25. Par de longs discours, il les persuada de sa détermination à libérer ces hommes sans leur faire de mal. Alors, ils le relâchèrent, pour sauver leurs frères.

26. Ensuite Judas marcha sur Carnione et le temple de la déesse Atargatis où il égorgea vingt-cinq mille personnes.

27. Après la déroute et l’extermination de ces gens-là, il conduisit son armée contre Éphrone, ville forte où habitait une population de diverses tribus. De robustes jeunes gens, ayant pris position devant les remparts, combattaient avec vigueur. En outre, il y avait là de grandes quantités de machines et de projectiles en réserve.

28. Après avoir invoqué le Seigneur souverain qui a le pouvoir de briser les forces ennemies, les Juifs se rendirent maîtres de la ville et abattirent environ vingt-cinq mille personnes à l’intérieur.

29. Partis de là, ils s’élancèrent vers Scythopolis, à six cents stades de Jérusalem.

30. Mais les Juifs qui s’étaient établis en ce lieu attestèrent que les habitants de Scythopolis avaient eu pour eux de la bienveillance et leur avaient réservé un accueil aimable au temps du malheur.

31. Alors, Judas et les siens les remercièrent et les encouragèrent à garder à l’avenir ces bonnes dispositions envers leur race. Puis ils rentrèrent à Jérusalem, parce que la fête des Semaines était proche.

32. Après la fête appelée Pentecôte, ils s’élancèrent contre Gorgias, gouverneur militaire de l’Idumée.

33. Celui-ci sortit à la tête de trois mille fantassins et de quatre cents cavaliers.

34. Dans la bataille qui s’engagea, un petit nombre de Juifs succombèrent.

35. Mais un certain Dosithée, parmi les soldats de Bakénor, cavalier et homme robuste, parvint à s’emparer de Gorgias. Le tenant par le manteau, il l’entraînait avec vigueur, dans l’intention de capturer vivant ce maudit. Mais un cavalier thrace, fonçant sur Dosithée, lui trancha l’épaule. Gorgias s’échappa et s’enfuit à Marissa.

36. Cependant, les hommes d’Esdrias combattaient depuis longtemps et tombaient d’épuisement. Alors Judas invoqua le Seigneur pour qu’il se montre leur allié et leur guide au combat.

37. Il se mit à pousser le cri de guerre dans la langue de ses pères et entonna des hymnes, puis se jeta à l’improviste sur les hommes de Gorgias et les mit en déroute.
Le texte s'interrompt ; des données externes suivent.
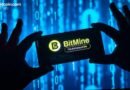 Bitmine Purchases 138,452 ETH as Holdings Rise to 3.86 Million ETH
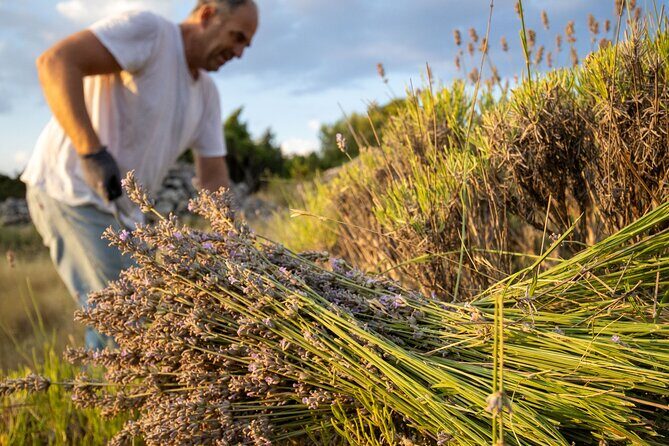 Hvar Lavender Tour - Lavender Fields and Honey Tasting - Key Points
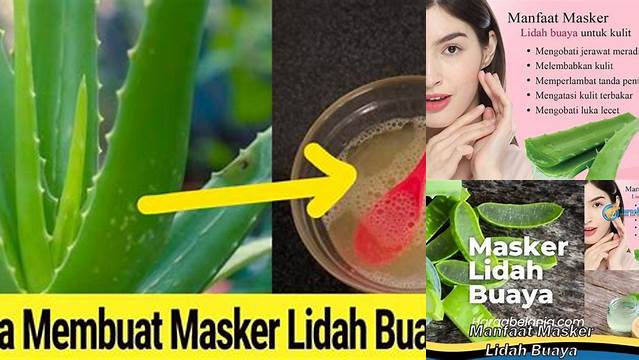 Temukan 10 Manfaat Masker Lidah Buaya yang Jarang Diketahui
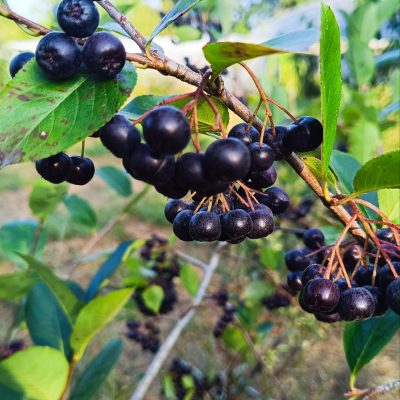 Aronia "Profressor Ed"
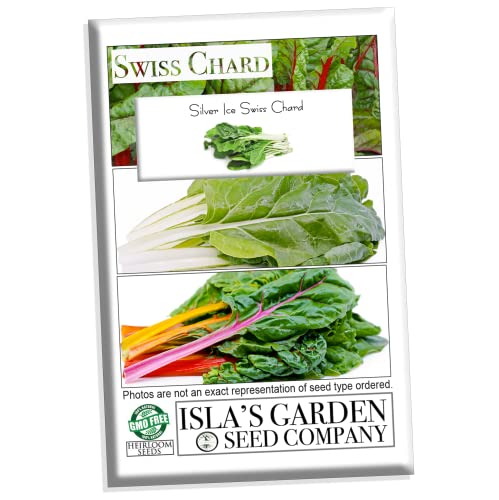 Silver Ice Swiss Chard, 300 Heirloom Seeds Per Packet, (Isla's Garden Seeds), Non GMO Seeds, Botanical Name: Beta vulgaris VAR. cicla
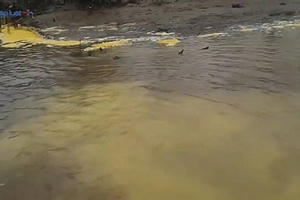 Thái Bình: Cá tôm sông Diêm Hộ bị tận diệt vì nguồn nước ô nhiễm nặng, dân kêu cứu khẩn cấp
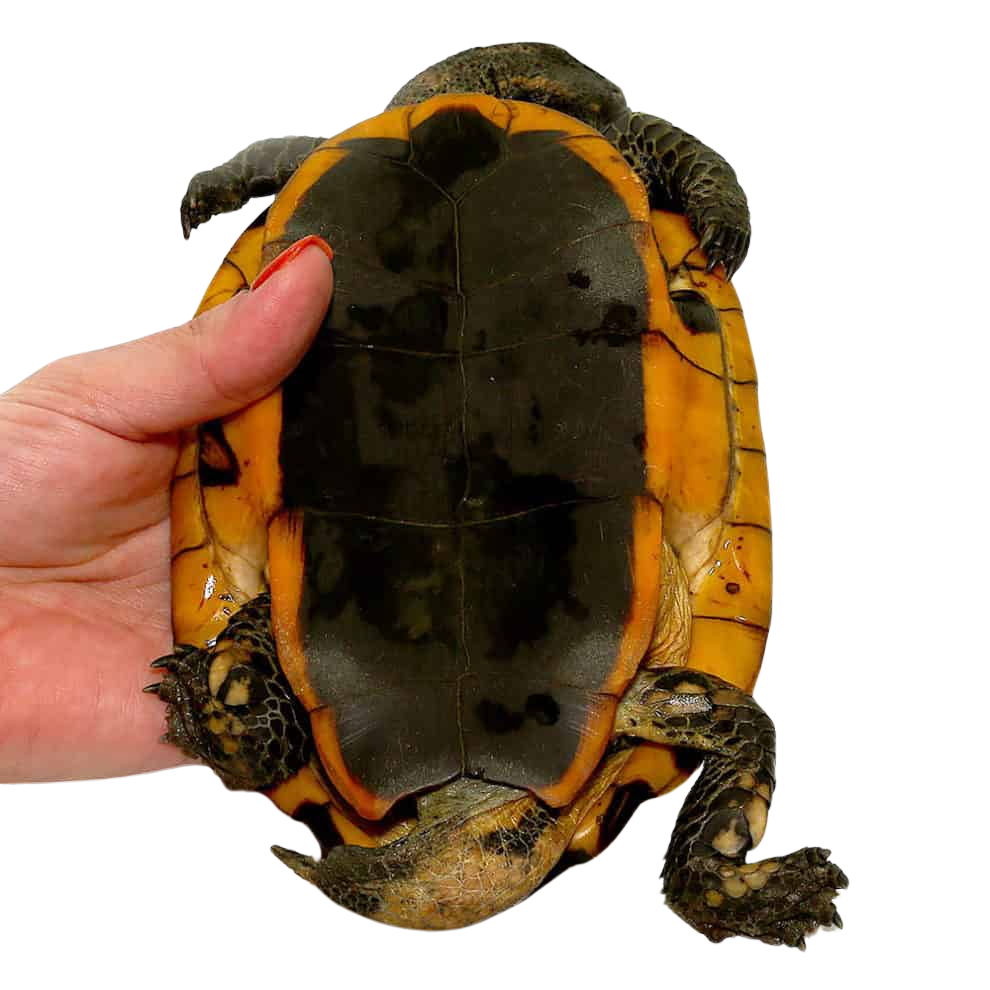 twistneck-turtle (1) twistneck turtle 1
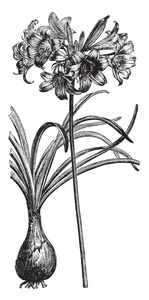 图片显示了孤 Belladona 伯鲁布和花穗。它不产生叶子和花朵在一起。花朵是芬芳的, 白色的, 有时玫瑰红色, 复古线条画或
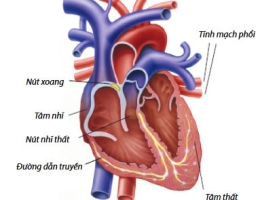 THÔNG LIÊN NHĨ - THÔNG LIÊN THẤT - CÒN ỐNG ĐỘNG MẠCH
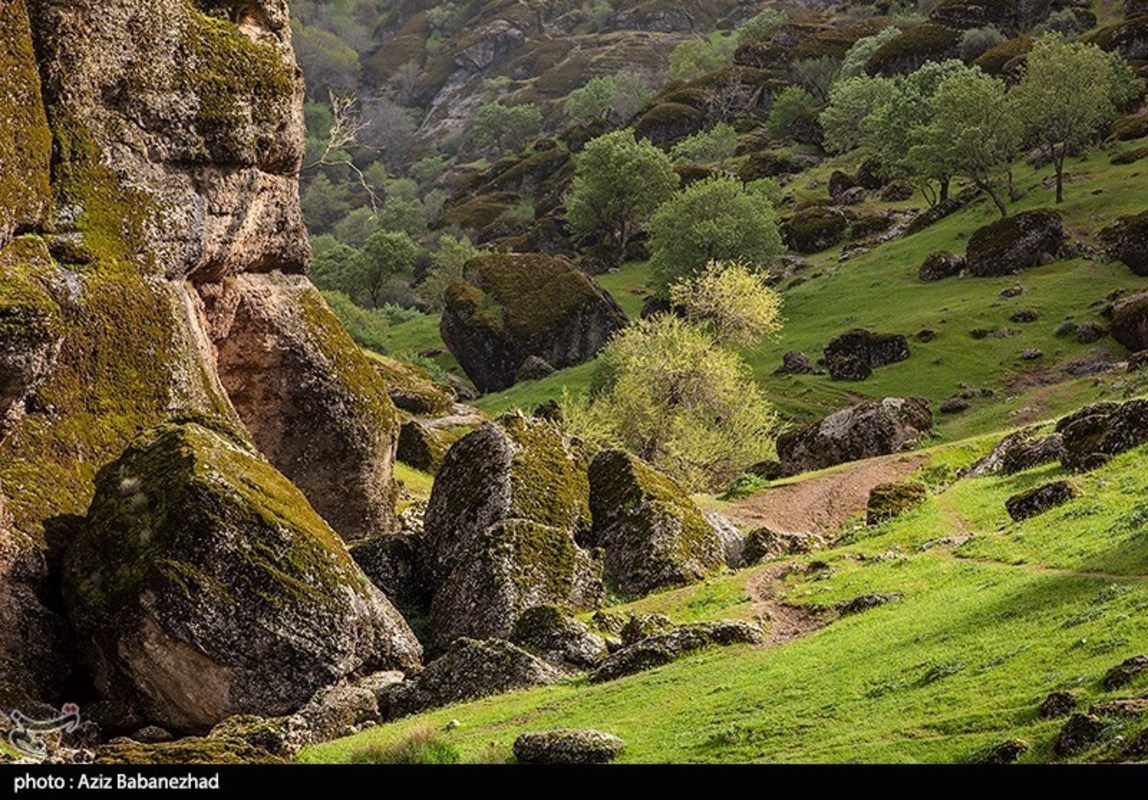 طبییعت بهاری منطقه کوهستانی هفت حوض - خرم آباد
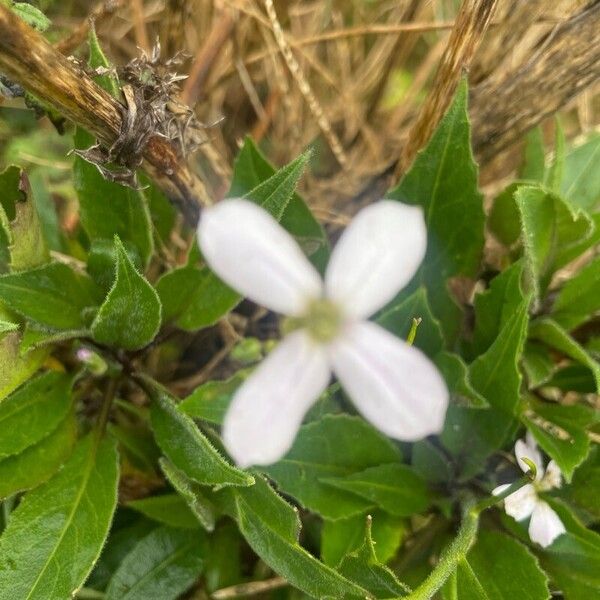 Hesperis matronalis Fiore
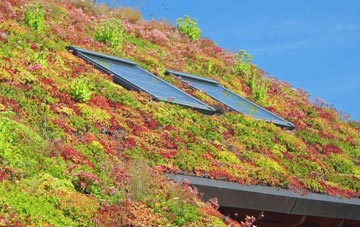 Felkirk living roof systems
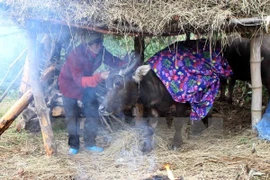 Ảnh minh họa. (Nguồn: TTXVN)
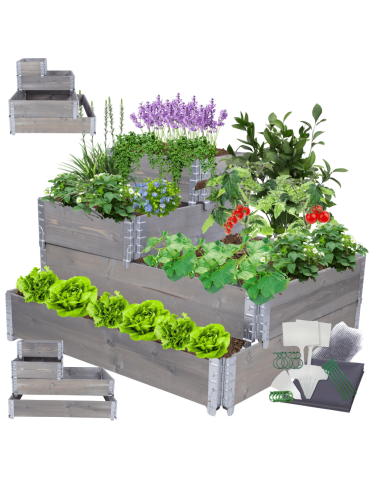 Skrzynia na warzywa DONICA GRZĄDKA skrzynie na warzywnik inspekt 60X120X100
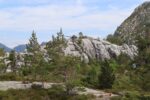 mkb_9-504_nordfjord_2023_060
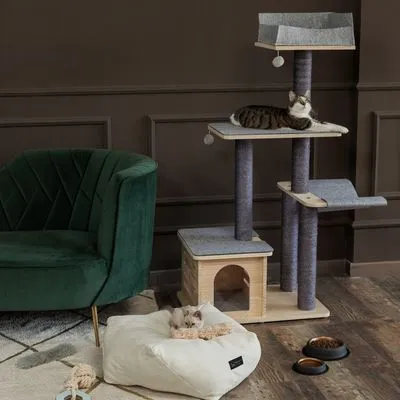 Modern Living Raleigh Ansamblu de cățărat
38. Ensuite, Judas regroupa son armée et gagna la ville d’Odollam. Comme c’était le septième jour de la semaine, ils se purifièrent, selon la coutume, et célébrèrent le sabbat en ce lieu.

39. Le lendemain, alors qu’il était devenu grand temps de le faire, les hommes de Judas vinrent enlever les corps de ceux qui avaient succombé dans la bataille, afin de les déposer avec leurs proches dans les tombeaux de leurs pères.

40. Or, ils trouvèrent sous la tunique de chacun des morts des objets consacrés aux idoles de Jamnia, ce que la Loi interdit aux Juifs. Il fut évident pour tous que c’est pour cette raison qu’ils avaient succombé.

41. Tous bénirent donc la conduite du Seigneur, le juge impartial qui rend manifestes les choses cachées.

42. Puis, ils se répandirent en supplications pour demander que le péché commis soit entièrement effacé. Le noble Judas exhorta la troupe à se garder de tout péché, ayant sous les yeux le malheur de ceux qui avaient succombé pour avoir commis cette faute.

43. Il organisa une collecte auprès de chacun et envoya deux mille pièces d’argent à Jérusalem afin d’offrir un sacrifice pour le péché. C’était un fort beau geste, plein de délicatesse, inspiré par la pensée de la résurrection.

44. Car, s’il n’avait pas espéré que ceux qui avaient succombé ressusciteraient, la prière pour les morts était superflue et absurde.

45. Mais il jugeait qu’une très belle récompense est réservée à ceux qui meurent avec piété :

46. c’était là une pensée religieuse et sainte. Voilà pourquoi il fit ce sacrifice d’expiation, afin que les morts soient délivrés de leurs péchés.

Chapitre 13

1. En l’année 149 de l’empire grec, la nouvelle parvint à Judas et aux siens qu’Antiocos Eupator marchait sur la Judée avec une armée considérable.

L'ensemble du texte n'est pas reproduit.